MATERIAL PROVIDED:
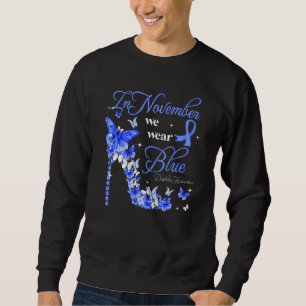 In November We Wear Blue Butterflies Diabetes Awar Sweatshirt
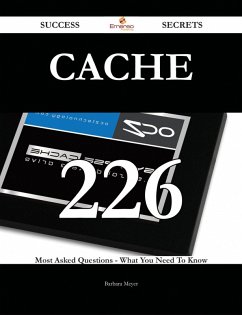 Cache 226 Success Secrets - 226 Most Asked Questions On Cache - What You Need To Know (eBook, ePUB)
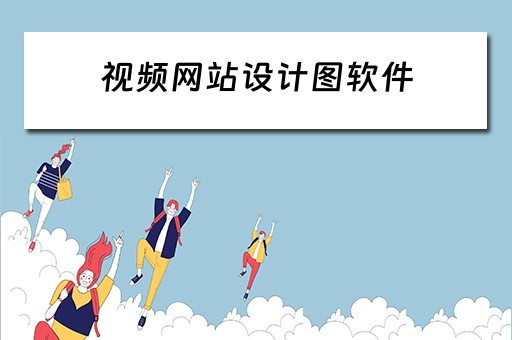 视频网站设计图软件 视频网站设计图软件有哪些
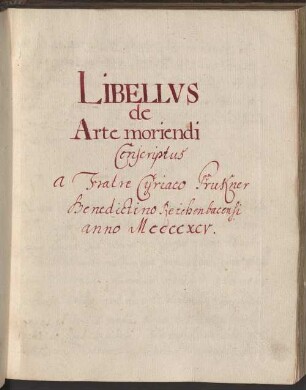 Pruckner Cyriaci (Benedictini Reichenbacensis) Libellus de arte moriendi - Provinzialbibliothek Amberg Ms. 18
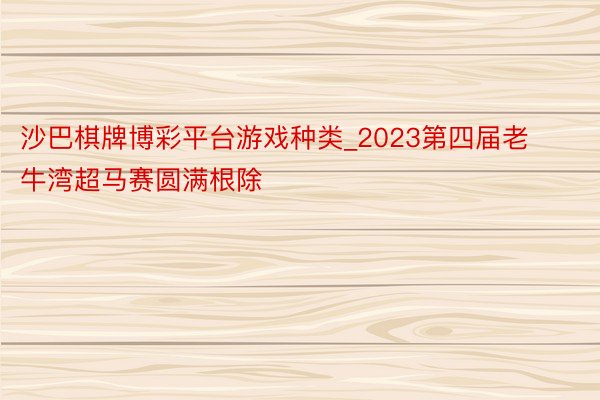 沙巴棋牌博彩平台游戏种类_2023第四届老牛湾超马赛圆满根除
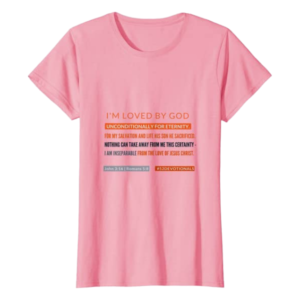 "Loved by God" Christian Women's T-shirt Pink Standard by Anna Szabo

WORK INSTRUCTIONS:
Once the line with "Pruckner Cyriaci (Benedictini" is found, output it and every line after it through the end of the listing, exactly, without pictures.

YOUR SOLUTION:
 Pruckner Cyriaci (Benedictini Reichenbacensis) Libellus de arte moriendi - Provinzialbibliothek Amberg Ms. 18
 沙巴棋牌博彩平台游戏种类_2023第四届老牛湾超马赛圆满根除
 "Loved by God" Christian Women's T-shirt Pink Standard by Anna Szabo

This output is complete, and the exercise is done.